* Task prompt
In the records below, find the line containing "12270 Geneva Way" and restate it and all lines after it exactly, through the last line.
─── Data records
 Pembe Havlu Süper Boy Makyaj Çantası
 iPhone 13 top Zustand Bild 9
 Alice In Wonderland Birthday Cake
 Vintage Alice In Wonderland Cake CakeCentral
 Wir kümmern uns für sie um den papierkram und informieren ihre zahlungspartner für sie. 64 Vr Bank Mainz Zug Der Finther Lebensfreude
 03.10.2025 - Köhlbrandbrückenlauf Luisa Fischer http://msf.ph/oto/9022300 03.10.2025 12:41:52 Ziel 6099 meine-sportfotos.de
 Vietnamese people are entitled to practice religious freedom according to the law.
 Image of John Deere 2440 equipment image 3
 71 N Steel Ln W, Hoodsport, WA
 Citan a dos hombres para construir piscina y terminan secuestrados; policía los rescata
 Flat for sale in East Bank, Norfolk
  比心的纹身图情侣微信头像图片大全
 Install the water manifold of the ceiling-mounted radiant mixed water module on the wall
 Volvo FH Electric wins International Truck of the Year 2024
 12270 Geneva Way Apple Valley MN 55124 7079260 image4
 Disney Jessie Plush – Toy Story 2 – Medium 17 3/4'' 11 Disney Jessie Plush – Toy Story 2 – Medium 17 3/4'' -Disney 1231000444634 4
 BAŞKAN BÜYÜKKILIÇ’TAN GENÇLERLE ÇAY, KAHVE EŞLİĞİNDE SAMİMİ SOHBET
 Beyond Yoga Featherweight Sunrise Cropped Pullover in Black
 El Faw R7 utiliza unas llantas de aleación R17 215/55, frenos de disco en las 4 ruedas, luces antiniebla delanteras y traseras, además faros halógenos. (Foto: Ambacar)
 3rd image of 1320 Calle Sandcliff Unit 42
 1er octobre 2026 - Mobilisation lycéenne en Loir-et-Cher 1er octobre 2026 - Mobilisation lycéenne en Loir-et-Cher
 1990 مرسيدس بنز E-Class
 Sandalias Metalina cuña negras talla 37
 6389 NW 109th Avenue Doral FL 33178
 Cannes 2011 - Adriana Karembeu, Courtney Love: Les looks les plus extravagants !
──────
* Finished task
 12270 Geneva Way Apple Valley MN 55124 7079260 image4
 Disney Jessie Plush – Toy Story 2 – Medium 17 3/4'' 11 Disney Jessie Plush – Toy Story 2 – Medium 17 3/4'' -Disney 1231000444634 4
 BAŞKAN BÜYÜKKILIÇ’TAN GENÇLERLE ÇAY, KAHVE EŞLİĞİNDE SAMİMİ SOHBET
 Beyond Yoga Featherweight Sunrise Cropped Pullover in Black
 El Faw R7 utiliza unas llantas de aleación R17 215/55, frenos de disco en las 4 ruedas, luces antiniebla delanteras y traseras, además faros halógenos. (Foto: Ambacar)
 3rd image of 1320 Calle Sandcliff Unit 42
 1er octobre 2026 - Mobilisation lycéenne en Loir-et-Cher 1er octobre 2026 - Mobilisation lycéenne en Loir-et-Cher
 1990 مرسيدس بنز E-Class
 Sandalias Metalina cuña negras talla 37
 6389 NW 109th Avenue Doral FL 33178
 Cannes 2011 - Adriana Karembeu, Courtney Love: Les looks les plus extravagants !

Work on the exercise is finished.